» TASK OBJECTIVE
Take the data below and copy exactly the lines starting at the one with "Kaffe - KAsiff Shirt Kaffe - KAsiff Shirt" and finishing at the one with "1617 Timberlane, Asheboro, NC", both included.
*** DATA SUPPLIED Section Begins ***
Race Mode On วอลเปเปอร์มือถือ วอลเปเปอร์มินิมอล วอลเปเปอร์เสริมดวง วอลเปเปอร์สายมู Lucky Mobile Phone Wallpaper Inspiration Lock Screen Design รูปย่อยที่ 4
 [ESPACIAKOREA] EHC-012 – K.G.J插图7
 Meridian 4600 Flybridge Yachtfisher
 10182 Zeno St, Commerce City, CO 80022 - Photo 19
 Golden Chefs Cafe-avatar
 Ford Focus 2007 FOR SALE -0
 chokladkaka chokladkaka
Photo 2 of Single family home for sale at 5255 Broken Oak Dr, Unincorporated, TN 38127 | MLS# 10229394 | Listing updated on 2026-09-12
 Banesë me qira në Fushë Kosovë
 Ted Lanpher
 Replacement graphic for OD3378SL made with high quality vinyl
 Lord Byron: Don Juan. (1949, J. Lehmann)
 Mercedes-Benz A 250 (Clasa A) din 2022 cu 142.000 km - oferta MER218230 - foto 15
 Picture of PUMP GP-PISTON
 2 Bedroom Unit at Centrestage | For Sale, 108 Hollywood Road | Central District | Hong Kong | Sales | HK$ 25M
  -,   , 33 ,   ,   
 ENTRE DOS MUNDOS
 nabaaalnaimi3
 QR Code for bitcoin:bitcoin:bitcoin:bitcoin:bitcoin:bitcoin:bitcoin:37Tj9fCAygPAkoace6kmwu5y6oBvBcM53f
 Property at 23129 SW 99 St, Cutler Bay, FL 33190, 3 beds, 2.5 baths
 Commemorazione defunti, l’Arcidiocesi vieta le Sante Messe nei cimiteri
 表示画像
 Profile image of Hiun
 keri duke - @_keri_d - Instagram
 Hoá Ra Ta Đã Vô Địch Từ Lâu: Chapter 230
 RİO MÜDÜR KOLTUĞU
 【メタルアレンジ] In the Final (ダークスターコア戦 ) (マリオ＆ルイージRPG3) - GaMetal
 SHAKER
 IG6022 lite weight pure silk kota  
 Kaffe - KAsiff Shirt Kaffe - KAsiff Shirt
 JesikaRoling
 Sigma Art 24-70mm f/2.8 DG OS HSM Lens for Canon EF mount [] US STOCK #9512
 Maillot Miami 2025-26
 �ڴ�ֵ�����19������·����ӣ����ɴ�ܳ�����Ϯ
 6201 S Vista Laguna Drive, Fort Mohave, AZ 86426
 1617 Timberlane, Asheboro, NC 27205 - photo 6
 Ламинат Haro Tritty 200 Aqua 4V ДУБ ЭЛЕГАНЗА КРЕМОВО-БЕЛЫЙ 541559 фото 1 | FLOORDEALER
*** DATA SUPPLIED Section Ends ***
» RESPONSE
 Kaffe - KAsiff Shirt Kaffe - KAsiff Shirt
 JesikaRoling
 Sigma Art 24-70mm f/2.8 DG OS HSM Lens for Canon EF mount [] US STOCK #9512
 Maillot Miami 2025-26
 �ڴ�ֵ�����19������·����ӣ����ɴ�ܳ�����Ϯ
 6201 S Vista Laguna Drive, Fort Mohave, AZ 86426
 1617 Timberlane, Asheboro, NC 27205 - photo 6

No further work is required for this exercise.